Practicing Care for Each Other is the Heart of Vibrant Communities
The best way to turn a group into a community is by making an explicit commitment to care for each other, no matter the original goals of the group. This commitment nurtures a sense of belonging, which is a fundamental human need. While this may be obvious, a commitment to care is not explicit in many, if not most, established groups or social gatherings.
A commitment to care is like a muscle; It is strengthened when we actively practice it in our thoughts, choices, and actions. The kind of care that transforms our communities and relationships is non-transactional – it is given for its own sake, with no desired outcome. With no expectation of reciprocation or reward, caring is mutually beneficial and bears lasting fruit.
Virtually anything can be an act of care if offered in the spirit of care. It shows up as a kind word, a gesture, the willingness to listen, an affirming touch, a plate of cookies, and the recognition of someone’s gifts. Among other things, it comes in the form of consideration, kindness, respect, effort, compassion, understanding, patience, sharing, and community. It is love.
Research has shown that when we show care in how we communicate with each other, we feel better. When health care providers explicitly show their patients that they care, they recover faster and have better mental health outcomes following an illness. Nurses who are able to take the time to be more caring towards their patients are happier at their jobs. Clearly, fostering an environment of care is the best medicine. In other fields, a body of research shows that nurturing work environments characterized by interest, support, and respect greatly benefits employees, employers, and clients alike.

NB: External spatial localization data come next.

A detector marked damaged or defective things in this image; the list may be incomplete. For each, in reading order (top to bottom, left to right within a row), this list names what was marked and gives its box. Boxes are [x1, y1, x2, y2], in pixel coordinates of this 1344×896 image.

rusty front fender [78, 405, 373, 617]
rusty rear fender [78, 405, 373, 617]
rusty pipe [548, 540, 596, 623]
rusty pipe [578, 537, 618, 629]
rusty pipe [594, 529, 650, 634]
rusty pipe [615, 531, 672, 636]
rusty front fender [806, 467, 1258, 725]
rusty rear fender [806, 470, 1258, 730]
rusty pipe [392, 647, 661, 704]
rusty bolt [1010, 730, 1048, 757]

Research has also shown that we help children when we show them that we care about caring. Children who show caring behaviors, like cooperation with others and sharing, exhibit other strengths in school as they get older. For example, children who are more helpful to other kids in first grade have higher reading skills a couple of years later. Caring is modeled at very young ages; children under two years old can mirror caring and altruistic behavior.

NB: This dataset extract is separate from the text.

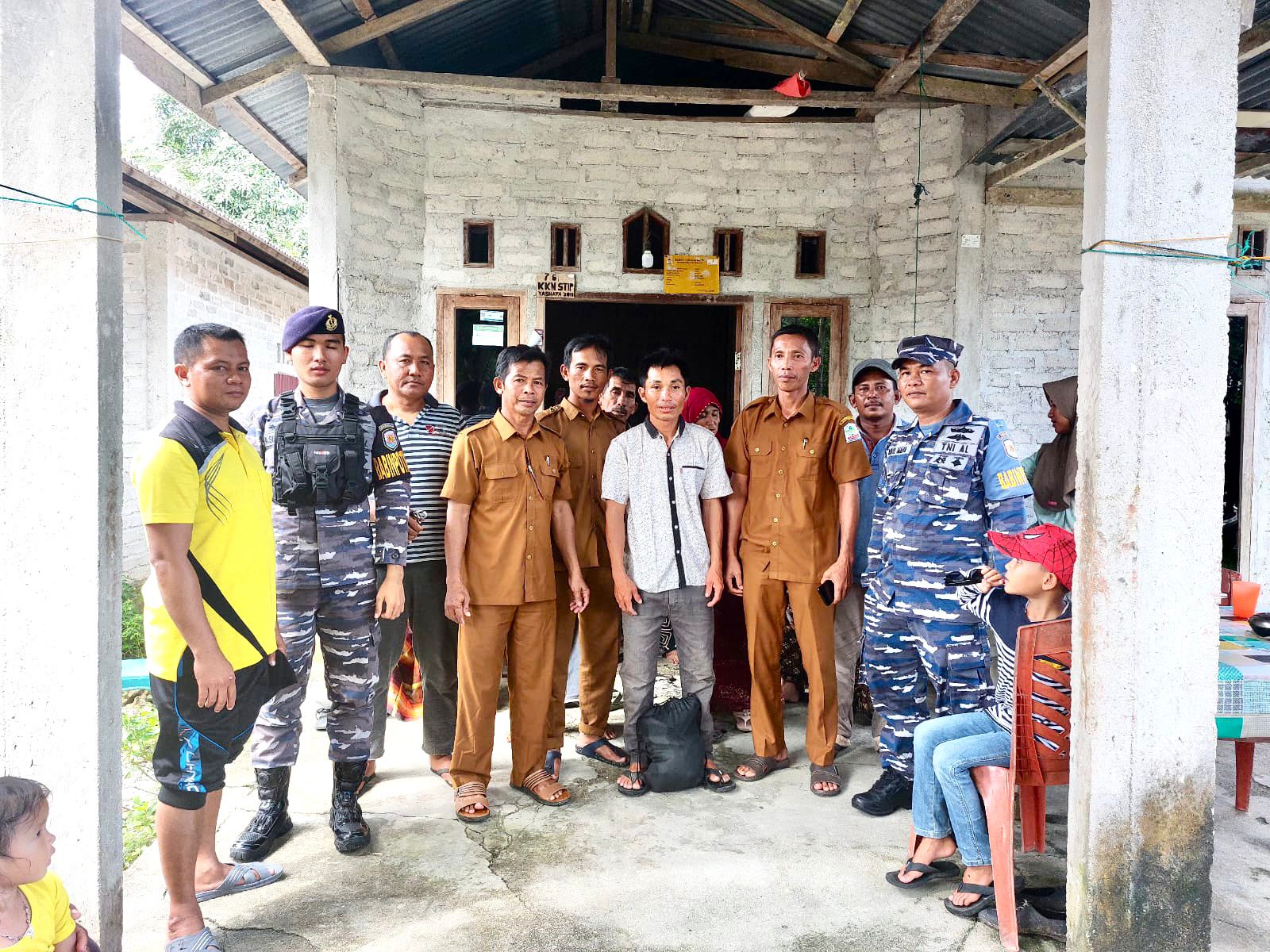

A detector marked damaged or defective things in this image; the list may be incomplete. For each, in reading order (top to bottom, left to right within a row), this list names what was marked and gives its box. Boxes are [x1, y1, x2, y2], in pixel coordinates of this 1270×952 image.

While researching for my upcoming book The Practice of Belonging, I spoke to poet and essayist Ross Gay. His recently released Inciting Joy speaks intimately of how small acts of care within a community are intimately bound to the experience of joy. Our conversation kept coming back to the idea of care as practice, as not only an idea or feeling, but an action.
Care is best practiced locally within our communities, and doing that builds our capacity to care beyond their boundaries. Care is a mindset in which we acknowledge to ourselves that what we have to offer right now is enough, if given freely and from the heart.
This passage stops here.